Shared Mobility–Changing the Landscape of Automotive Industry - FutureBridge

In the automotive industry, the market is shifting from selling cars to providing mobility services. A DLT-based system, combined with self-sovereign identity, makes it straightforward to build a mobility ecosystem where it’d be easy to enable new ways to engage with customers and partners, leveraging trusted and safe data exchange. For example, make it simple for customers to get the best deal on car financing (no need to re-enter their personal details to get approval at each dealership). Make customer interactions seamless by having customer history (i.e., loyalty data) immediately available with the customer’s explicit consent, without the need to store this data at each dealership or at a car manufacturer.

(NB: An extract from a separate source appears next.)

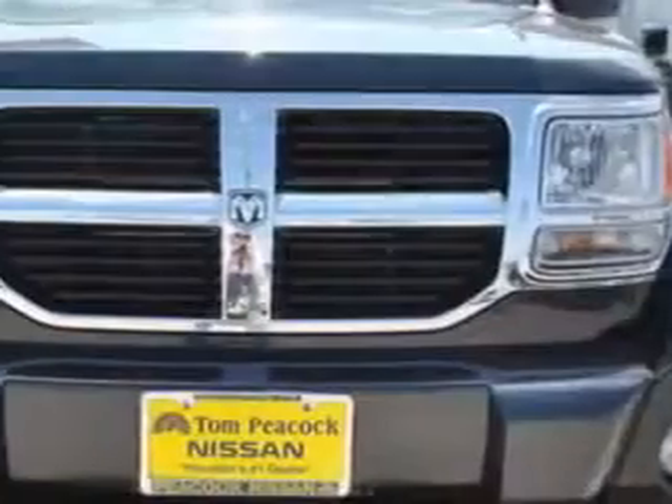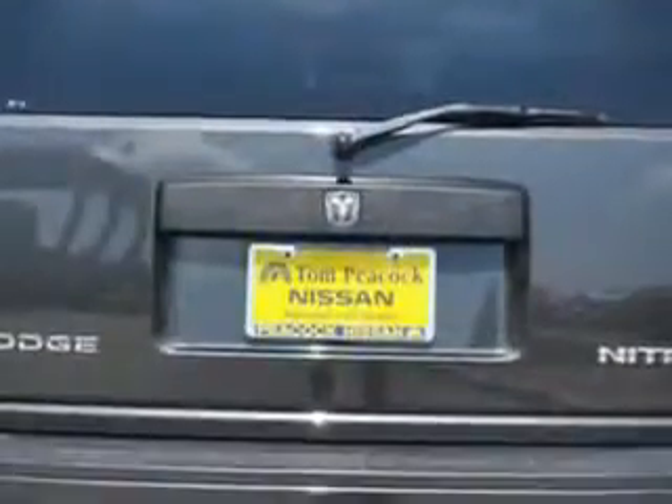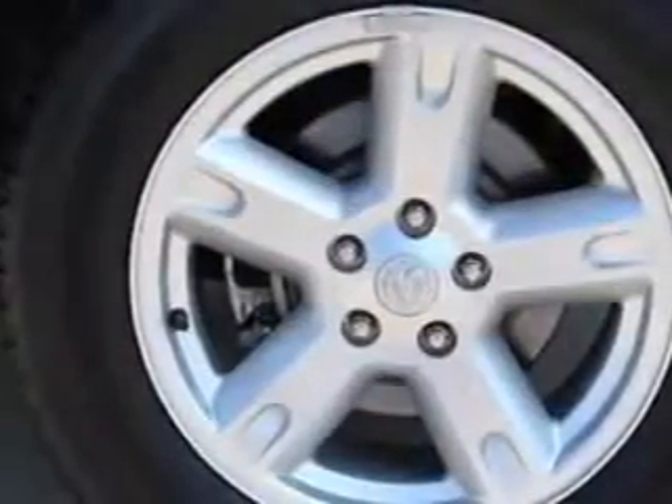Check out this great 2010 Dodge Nitro SE, equipped with a 6-cylinder engine and automatic transmission. Enjoy an impressive 22 miles to the gallon on this great SUV with features like sport suspension, low tire pressure warning, auxiliary transmission oil cooler, heated outside mirrors, and more.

A trusted and verifiable data-enabled mobility ecosystem helps companies offer new services, such as car-sharing or car-exchanging that can involve dealers, for example, as drop-off and pick-up locations. This includes making the process of verifying auto insurance and driver qualifications seamless.

If I’m on vacation and don’t need my car, I can share it, or if I drive a compact car and need an SUV for a few days, I can connect with the ecosystem and benefit from this shared economy. In addition, the revenue I collect from the shared vehicle could be applied to a down payment on a new car.

Dealers benefit too. They can offer inspecting and cleaning services for the shared cars, and they get potential new customers at their location. Car makers benefit because they can grow their brand’s value and get insights into car usage.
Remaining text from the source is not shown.